Screenplay by John Carpenter, from Ray Nelson’s short story, “Eight O’Clock in the Morning” (1963).

97 mins., 1988, R.

Director John Carpenter has always been an extremist, having created one of the greatest bogeymen of all time, Jason, in Halloween (1978) and one of the scariest dystopian prison islands of all time, Manhattan, in Escape from New York ( 1981). The Los Angeles of They Live is also scary and its wealthy ruling elite are control freaks and monsters. So what else is new? They enforce their power over the masses using subliminal ads and brainwashing slogans, such as “Obey,” “Consume,” “No Independent Thought,” and, my favorite, printed on the paper money, “This Is Your God.”

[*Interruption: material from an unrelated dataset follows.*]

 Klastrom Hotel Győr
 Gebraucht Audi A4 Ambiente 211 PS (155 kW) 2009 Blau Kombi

This elite is, however, literally out of this world. They are aliens who have colonized the earth as if it were a third world country, using select privileged humans as their neocolonial lackeys. Globalization to them has a special and precise meaning: our blue-green planet is theirs to exploit.

Only the wonderfully named John Nada, i.e. John Nothing (played by Roddy Piper), an unemployed hunk who lucks into a construction job, can see the aliens’ hideous faces and decode their subliminal messages (reminiscent of J.G. Ballard’s classic short story, “The Subliminal Man,” also 1963) by wearing a special pair of sunglasses he finds in what turns out to be a rebel hideout. Although this kind of maneuver is routine for sci-fi, here it joins a social protest agenda perhaps critical of Reaganomics.

Although the film begins with an urban grit mise-en-scene–opening shots of the freight yards, graffiti walls (with “They Live” as one of the tags), and a view of Los Angeles from the bottom up–by the time Nada has discovered the aliens’ secret, we drift into a vigilante film, with the human “terrorists” (as they are called) fighting both the aliens and the “human power elite” allied with them.

Coincidences and shoot-outs abound: Nada kidnaps a producer with the very TV studio that is sending out the signal that makes the aliens appear human. Betrayals both personal and global mark the film’s end, but we suspect that the aliens–or “free enterprisers,” the title they prefer–might have ended up like the steel companies one of Nada’s human friends once worked for: “We gave the steel companies a break when they needed it” and after they took the money they closed the factories.

The film ends metaphorically and brilliantly: an alien having his way with an easy earth girl loses his edge when his cover is blown.

P.S. Even Variety, 1 Jan. 1988, loved it: “Conceived on 1950s B-movie sci-fi terms, They Liveis a fantastically subversive film, a nifty little confection pitting us vs them, the haves vs the have-nots.”